> **WHAT THE EXERCISE ASKS**: What you return should be the line containing "77af5d4263a350e0fc668481b78d3377c6d6ad5c" and each line after it to the end of the records, copied exactly.

> **ENTRIES SHOWN**:
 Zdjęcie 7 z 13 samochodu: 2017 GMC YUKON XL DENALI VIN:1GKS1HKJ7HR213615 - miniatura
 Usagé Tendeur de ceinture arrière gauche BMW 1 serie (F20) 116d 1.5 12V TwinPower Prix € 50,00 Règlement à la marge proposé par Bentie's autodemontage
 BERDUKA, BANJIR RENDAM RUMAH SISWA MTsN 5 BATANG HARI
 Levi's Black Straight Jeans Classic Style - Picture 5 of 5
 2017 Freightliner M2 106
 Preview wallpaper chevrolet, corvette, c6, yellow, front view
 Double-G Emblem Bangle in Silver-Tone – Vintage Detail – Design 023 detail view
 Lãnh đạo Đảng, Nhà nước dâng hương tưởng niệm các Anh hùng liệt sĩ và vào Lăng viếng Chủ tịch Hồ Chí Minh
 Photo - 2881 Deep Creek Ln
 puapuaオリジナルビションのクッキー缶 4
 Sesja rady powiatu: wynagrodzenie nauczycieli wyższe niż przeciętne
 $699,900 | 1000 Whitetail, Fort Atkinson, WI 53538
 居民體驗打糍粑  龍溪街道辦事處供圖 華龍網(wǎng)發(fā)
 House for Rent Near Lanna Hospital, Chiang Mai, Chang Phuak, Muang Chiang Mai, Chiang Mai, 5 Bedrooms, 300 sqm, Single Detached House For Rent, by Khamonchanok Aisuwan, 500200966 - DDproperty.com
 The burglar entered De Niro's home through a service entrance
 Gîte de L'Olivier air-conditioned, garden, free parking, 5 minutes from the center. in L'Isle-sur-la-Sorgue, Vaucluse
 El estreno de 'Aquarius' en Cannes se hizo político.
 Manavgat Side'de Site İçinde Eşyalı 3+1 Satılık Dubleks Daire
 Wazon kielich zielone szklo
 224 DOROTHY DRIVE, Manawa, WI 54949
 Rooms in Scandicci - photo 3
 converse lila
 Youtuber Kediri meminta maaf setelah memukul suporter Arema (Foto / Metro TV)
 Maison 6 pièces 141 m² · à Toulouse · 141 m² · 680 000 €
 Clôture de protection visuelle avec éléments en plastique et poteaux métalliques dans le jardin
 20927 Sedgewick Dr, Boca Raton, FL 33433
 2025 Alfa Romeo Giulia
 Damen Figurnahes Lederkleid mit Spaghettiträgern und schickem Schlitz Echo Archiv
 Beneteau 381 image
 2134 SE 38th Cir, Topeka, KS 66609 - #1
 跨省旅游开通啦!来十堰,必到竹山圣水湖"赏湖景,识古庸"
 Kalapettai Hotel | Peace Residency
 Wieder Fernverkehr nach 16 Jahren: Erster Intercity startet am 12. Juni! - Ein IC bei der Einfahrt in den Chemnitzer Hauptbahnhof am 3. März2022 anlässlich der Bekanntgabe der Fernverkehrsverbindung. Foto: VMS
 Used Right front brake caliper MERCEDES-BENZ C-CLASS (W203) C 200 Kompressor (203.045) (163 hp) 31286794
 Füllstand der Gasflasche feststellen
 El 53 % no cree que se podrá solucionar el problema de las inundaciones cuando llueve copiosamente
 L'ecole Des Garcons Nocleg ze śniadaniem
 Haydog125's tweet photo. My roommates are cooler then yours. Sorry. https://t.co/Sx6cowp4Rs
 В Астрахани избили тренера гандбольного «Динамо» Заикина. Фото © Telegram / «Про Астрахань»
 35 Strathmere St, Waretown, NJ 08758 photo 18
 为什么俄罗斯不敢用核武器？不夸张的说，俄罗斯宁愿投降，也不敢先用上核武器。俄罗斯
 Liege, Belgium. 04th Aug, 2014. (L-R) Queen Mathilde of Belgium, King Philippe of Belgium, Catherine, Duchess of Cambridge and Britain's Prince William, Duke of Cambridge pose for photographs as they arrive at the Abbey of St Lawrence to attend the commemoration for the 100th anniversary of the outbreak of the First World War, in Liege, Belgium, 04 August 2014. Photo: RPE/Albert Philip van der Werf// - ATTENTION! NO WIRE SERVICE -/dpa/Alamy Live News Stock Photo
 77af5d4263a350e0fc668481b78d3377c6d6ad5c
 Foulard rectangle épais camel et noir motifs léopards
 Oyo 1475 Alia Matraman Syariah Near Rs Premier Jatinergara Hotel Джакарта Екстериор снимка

> **TASK SOLUTION**:
 77af5d4263a350e0fc668481b78d3377c6d6ad5c
 Foulard rectangle épais camel et noir motifs léopards
 Oyo 1475 Alia Matraman Syariah Near Rs Premier Jatinergara Hotel Джакарта Екстериор снимка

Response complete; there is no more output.